1031 Exchange and the Risks of Investing in a Delaware Statutory Trust
A 1031 exchange provides investors an opportunity to defer tax consequences that come from the sale of an investment property and, when executing a valid exchange, rules and procedures must be followed that are set forth by the Internal Revenue Code. The requirement in focus is the need of like-kind replacement real estate and the use of a Delaware Statutory Trust (DST). A DST allows investors to own a "fractional interest" in high quality institutional real estate acquired and managed by large professional real estate firms. DST investments are combined to create a diversified portfolio of passively owned income producing property for accredited investors.

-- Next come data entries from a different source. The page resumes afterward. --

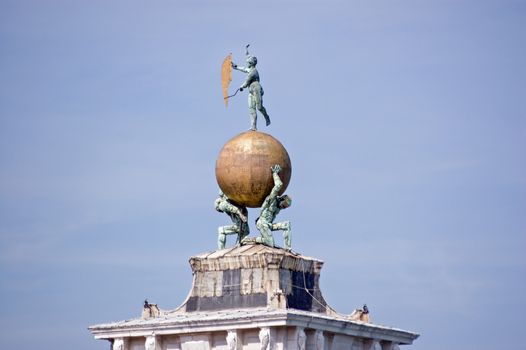The bronze and golden weathervane on top of the Dogana di Mare in Venice. Built where the Grand Canal meets the Giudecca Canal the Customs House is now an art gallery.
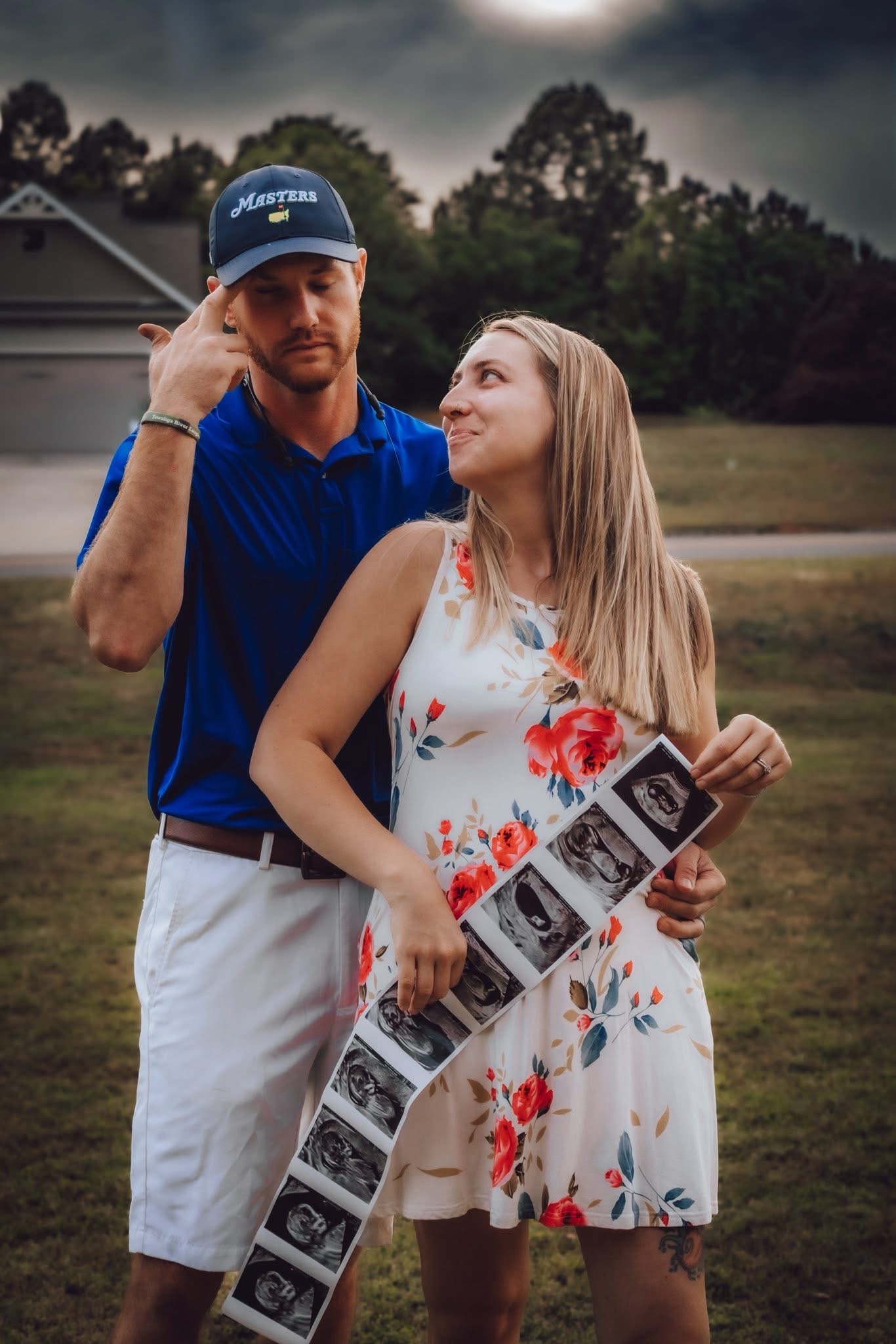 Expecting couple celebrating a new chapter together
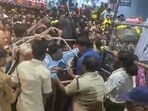 Police personnel try to control the crowd as hundreds of devotees jostle for tickets for Vaikunta Dwara Darshanam when a stampede broke out at Lord Venkateswara Swamy temple on Tirumala Hills, in Tirupati, Andhra Pradesh, Wednesday, 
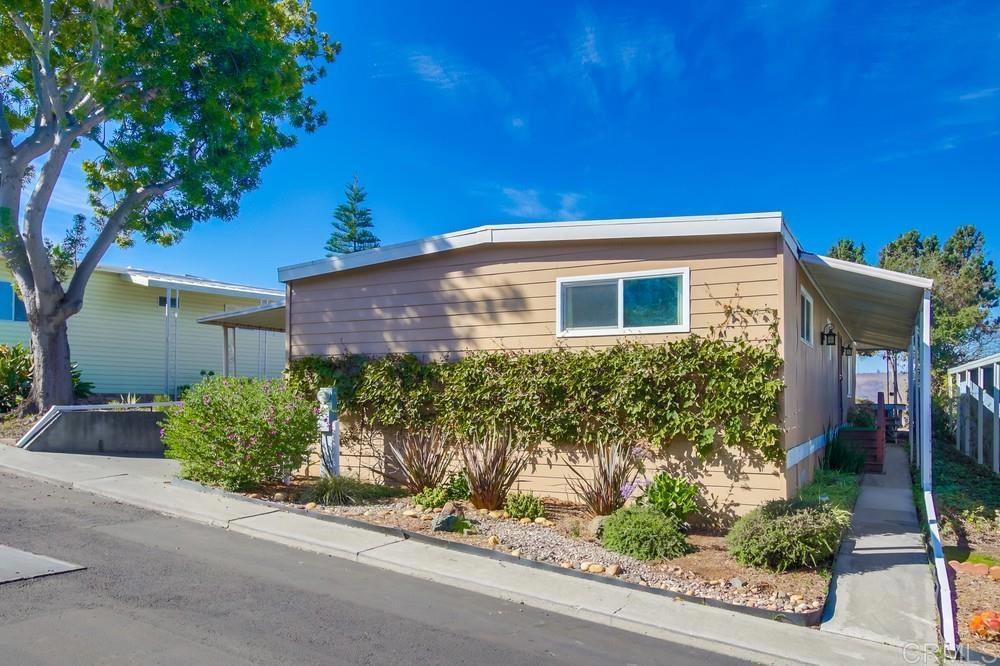 4993 Old Cliffs Road San Diego, CA 92120 - Photo 2 of 20 front view of a house
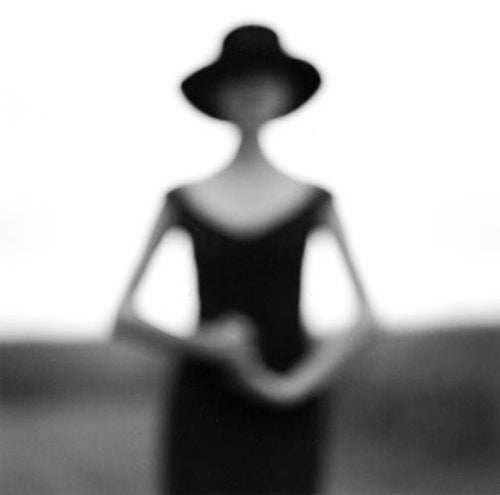 Rodney Smith Black and White Photograph - Blurry woman with hands clasped, Galena, Illinois 1997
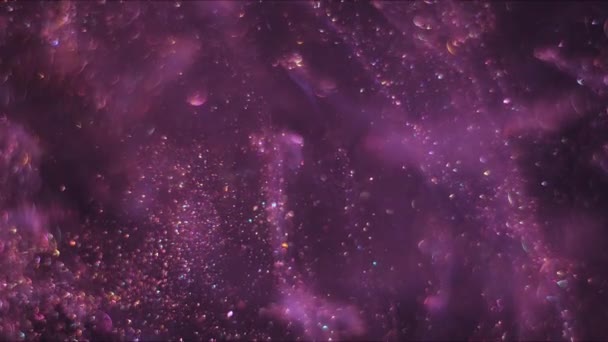 Streams full of tiny bokeh pink glittering bubbles are moving randomly and chaoticlally on the dark space background. — Stock Video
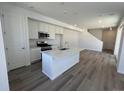 Bright, open kitchen featuring an island, modern appliances, and white cabinetry at 6658 N Nepal Ct, Aurora, CO 80019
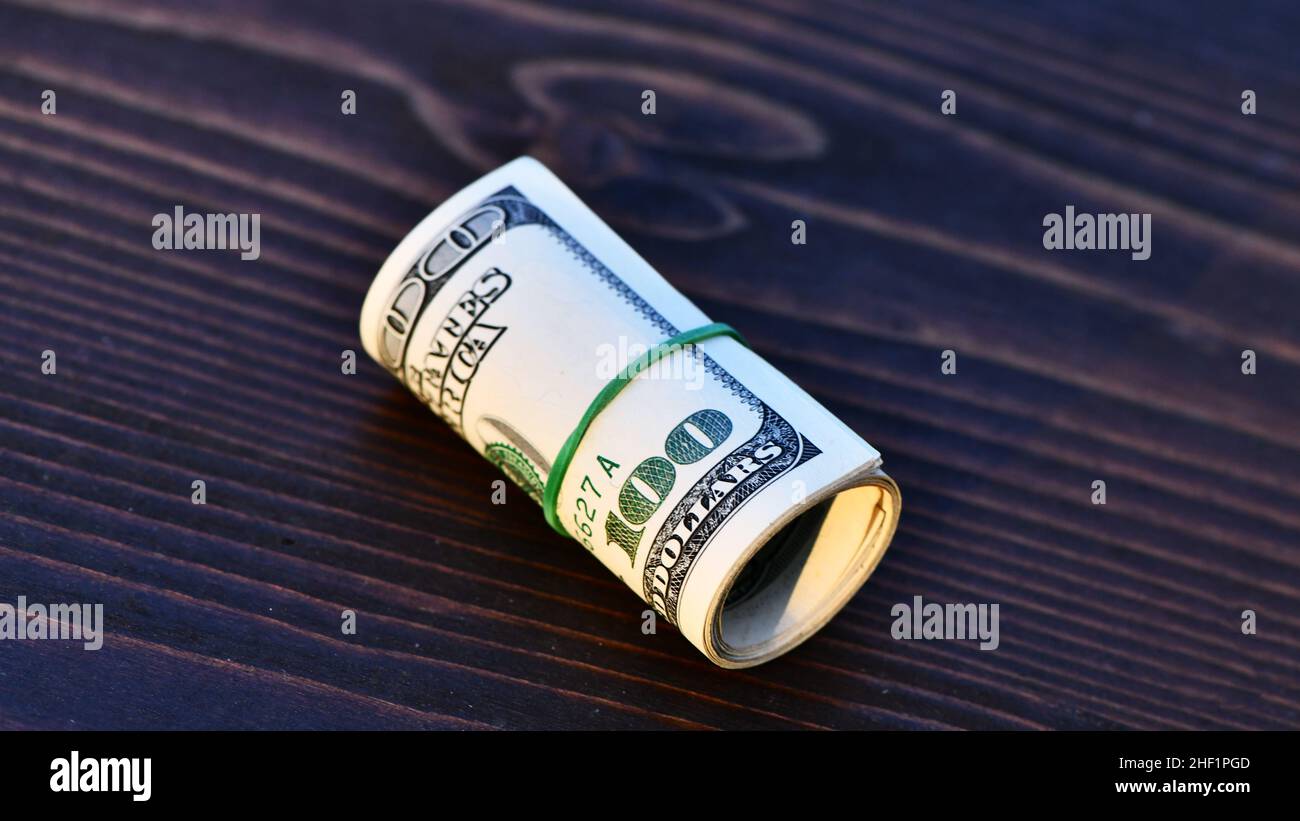 Rouleau de mille dollars 1000 dollar dans des billets de cent dollars isolés sur fond de bois Banque D'Images Rouleau de mille dollars 1000 dollar dans des billets de cent dollars isolés sur fond de bois Banque D'Images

DST Investments have many positive attributes, although they are not a good fit for all investors. Part of selecting a DST, is to ensure risks are understood. No investment is 100% risk free, and DST's are not an exception. Properly understanding the investment process can create a situation that provides an investor with positive cash flow, relief of property management, and a successful investment experience. While the below points capture some risks that need to be discussed, they are not limited to these topics. There are some operational restrictions to help mitigate risk, on how a DST can operate which are noted as, "Seven Deadly Sins", below.

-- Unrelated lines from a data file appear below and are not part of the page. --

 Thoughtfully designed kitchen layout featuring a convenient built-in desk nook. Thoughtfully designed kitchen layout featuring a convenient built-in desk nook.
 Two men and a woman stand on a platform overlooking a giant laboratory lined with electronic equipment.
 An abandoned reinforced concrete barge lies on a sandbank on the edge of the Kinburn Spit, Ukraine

Risks (Sponsor, Real Estate, Control, Fees)
Sponsor
A sponsor is a person or entity that creates a DST to hold real property and arrange for the issuing of beneficial interest to investors. The sponsor typically manages the property on behalf of the investor group during the investment hold period and sells the property at the end of the period. Sponsors that focus on DST investments will create the DST legal entity that will own the property, become the "Master Tenants" of the property (sub-leasing to the actual physical property tenants), and act as the DST signatory trustee.
Who is the sponsor and what is their track record can often be one of the more important pieces of information when selecting a DST investment. While the internet is a wonderful resource for information on the sponsors, every offering memorandum includes the sponsors prior performance, providing yet another tool for investors to use in their assessment. Always beware however, that past performance does not guarantee future results.
Real Estate
DST's are real estate at its core, and the risk of investing in any real estate applies here. The sponsor company spends a significant amount of time and resources on the due diligence. DSTs are issued through the securities world, which adds additional layers of due diligence and review from third parties. There are a lot of eyes on these assets and the structure, but taking the time to understand the property can create a better experience.
Control
There are many benefits to investing in a DST, such as diversification, regular distributions, and no property responsibilities. With a DST, investors can still enjoy the benefits of owning real estate without dealing with the day-to-day landlord activities. Although this may be a plus for some, others do not want to give up their management responsibilities. With a DST, investors do not have operational control, and do not make management decisions. Major decisions, like when to sell the asset in the DST, are made by the asset manager and sponsor company. An investor needs to weigh the positives and negatives based on their individual situation, to decide if it is the right investment.
Fees
With any investment, there is always a cost. A DST has three major phases. Acquisition, operations and disposition. Each phase will incur its own fees. As real estate investor's operational cost and disposition fees are not out of the ordinary, you may find some upfront fees, referred to as "load", need explanation. The load in a DST, which may include commissions, Broker Dealer Allowances, offering and organization cost, financing fees, etc. are all capitalized into the DST/Investor transaction. Engage with a Trusted Advisor to understand the application of each invested dollar in a DST. The fees and costs associated with the DST investment provide the benefit of being able to invest in institutional investment grade, professionally managed real estate that, in most cases, would not be accessible to individuals.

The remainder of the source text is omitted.